Der kleine Zweimaster PEGASUS kommt uns entgegen; Raggi hat erfahren, dass das Plattbodenschiff vor Wind und schlechtem Wetter flieht und wieder den sicheren Hafen ansteuert. Wir aber nutzen den Wind, segeln raus in die Ostsee!

Auch diesmal heißt unser erstes Reiseziel Kappeln. Leider spielt der Wind dann später nicht mehr mit, so dass der Motor angeworfen werden muss, damit wir nach Kappeln kommen, Aber dafür haben wir wenigstens reichlich Sonnenschein.

Im Hafen von Kappeln ist alles wie immer: Die einheimischen Angler am Kai maulen rum, dass sie für unser Schiff das Feld räumen müssen, die GOTLAND liegt da und auch wieder die PIPPILOTTA - und ein Stück weiter auch die LOVIS. Und der alte Fischer auf der Hafentreppe sortiert noch immer seinen Tagesfang...

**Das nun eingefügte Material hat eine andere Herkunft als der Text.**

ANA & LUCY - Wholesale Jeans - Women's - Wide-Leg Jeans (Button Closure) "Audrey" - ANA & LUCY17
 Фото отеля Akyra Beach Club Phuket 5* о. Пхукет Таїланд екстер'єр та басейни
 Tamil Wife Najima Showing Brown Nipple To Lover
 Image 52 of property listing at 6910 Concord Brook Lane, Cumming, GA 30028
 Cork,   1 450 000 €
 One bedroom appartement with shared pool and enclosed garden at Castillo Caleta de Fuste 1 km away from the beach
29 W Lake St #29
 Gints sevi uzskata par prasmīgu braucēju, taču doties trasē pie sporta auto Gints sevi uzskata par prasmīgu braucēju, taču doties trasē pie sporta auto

Die GOTLAND mit gekupfertem Rumpf und Holzlatten statt Webleinen fasziniert mich jedes Jahr aufs Neue. 

Vor dem Abendessen bleibt noch Zeit, wieder zum Historischen Museumshafen zu schlendern, und auf dem Weg dahin unterhalten wir uns eine Weile mit der netten jungen Frau, die wir im Zug kennengelernt haben und die jetzt dabei ist, an Bord der LOVIS diverse malermäßige Ausbesserungen am Schanzkleid vorzunehmen.

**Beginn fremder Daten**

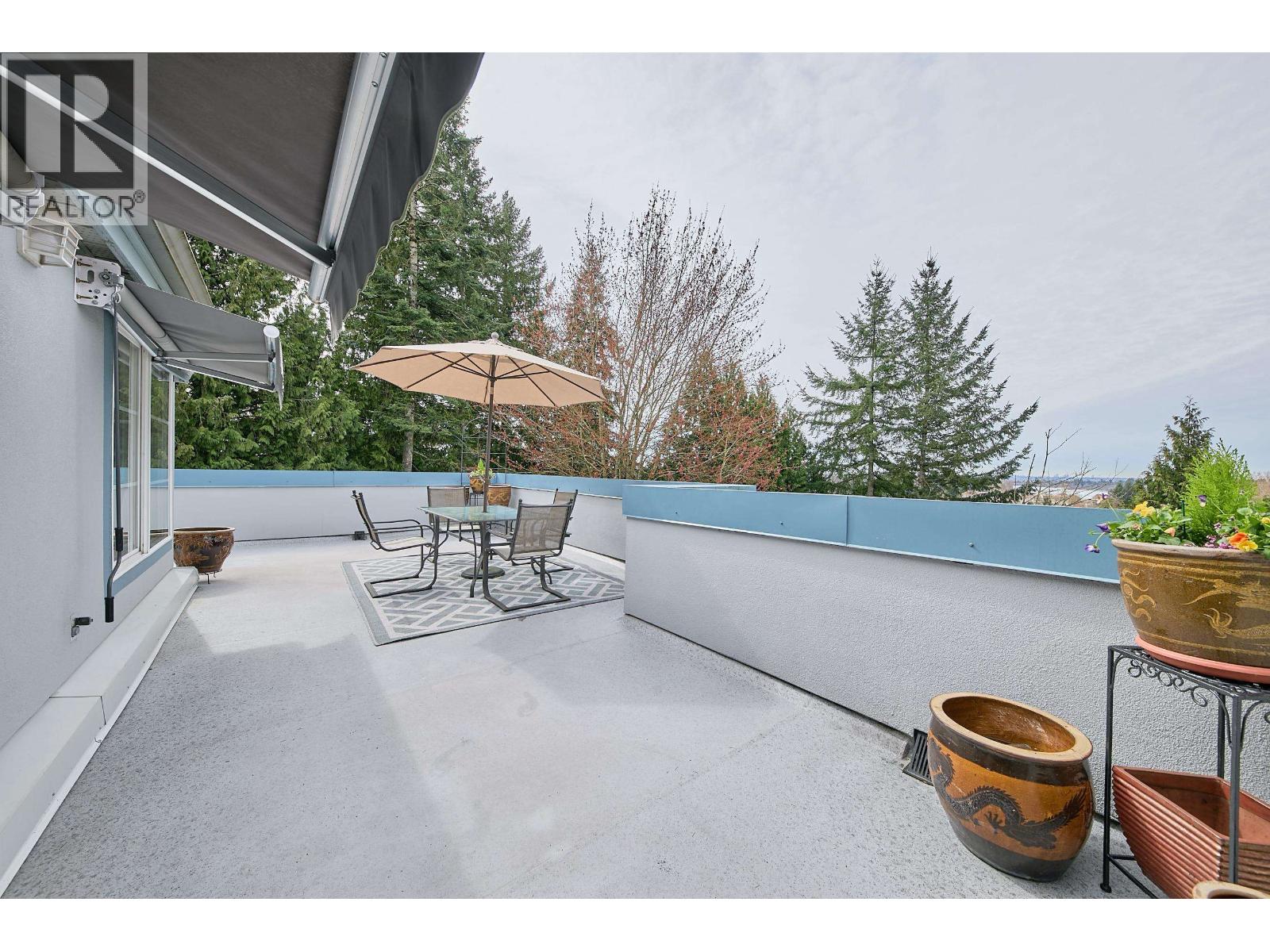 405 11519 Burnett Street Property Photo 14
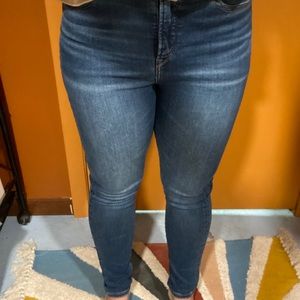 American Eagle Super High Rise Jegging Jeans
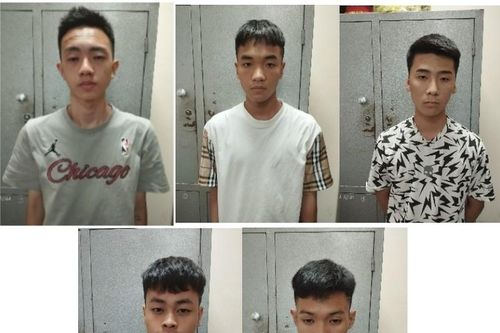 Thanh Hóa: Bắt 5 đối tượng trộm cắp gương ô tô đỗ ngoài đường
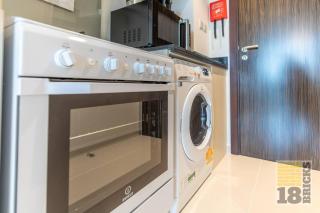 18 Bricks Spacious Studio Apartment Carson 404 - Dubai - 3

Im Museumshafen ist es ja nicht so, dass da einfach nur alte Segelschiffe liegen, es wird auch ständig gearbeitet. Jetzt zum Abend sieht man zwar keine Menschen mehr am Schaffen, aber dennoch wird deutlich, was da unter anderem grad gewerkelt wird: Der Baum für ein Gaffelsegel wird restauriert, und mich als Modellbauer interessieren hier natürlich auch die Details. Auch ansonsten gibt es wieder jede Menge Fotomotive für Menschen wie mich, die immer glänzende Augen bekommen, wenn sie Segelschiffe zu sehen bekommen. Und es muss ja nicht immer die VICTORY oder KRUZENSTERN sein...

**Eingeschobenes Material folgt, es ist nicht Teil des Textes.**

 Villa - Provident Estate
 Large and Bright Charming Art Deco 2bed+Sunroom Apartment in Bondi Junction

Diesmal zum Beispiel begeistern mich ein paar Details an einem liebevoll gepflegten kleinen Zweimaster. Da gibt es die klassischen Rüst- und Wantjungfern, ordentlich in alter Manier mit einem Taljereep verbunden, um die Wanten steif zu setzen. Und am selben Schiff - ich traue meinen Augen nicht - zwei Jungfern, die aber mittels Spannschraube verbunden sind. Und einen halben Meter weiter wieder eine Talje mit zwei offenbar frisch eingebauten Violinblöcken.

Sollte im kommenden Jahr wieder Kappeln ein Ziel des Segeltörns sein, freue ich mich schon darauf, denn der Museumshafen hält immer wieder Überraschungen bereit.

Der Abend an Bord wird dann sehr schön. Zum einen gibt es zum Abendessen frischen und wirklich guten bayrischen Fleischkäse, den einer unserer Mitsegler extra mitgebracht hat und der von Klaus sehr schmackhaft zubereitet wird. Und dann holt einer der Neulinge, der Jens, seine Ukulele hervor und überrascht uns alle mit einem reichhaltigen Repertoire an Seemanns- und anderen Liedern. Und als dann noch Adam, einer unserer Matrosen, seine Gitarre holt und mit Jens gemeinsam musiziert, wird es noch stimmungsvoller. Schnell wird Alle, die mit uns auf Kaperfahrt fahren, müssen Männer mit Bärten sein der Lieblingshit dieser Fahrt.

(So ganz am Rande: Der Jens spielt sonst den Bass in einer Iron-Maiden-Coverband und hat sich die Ukulele selbst beigebracht. Und dann hat er auch noch eine angenehme Singstimme... Sensationell!)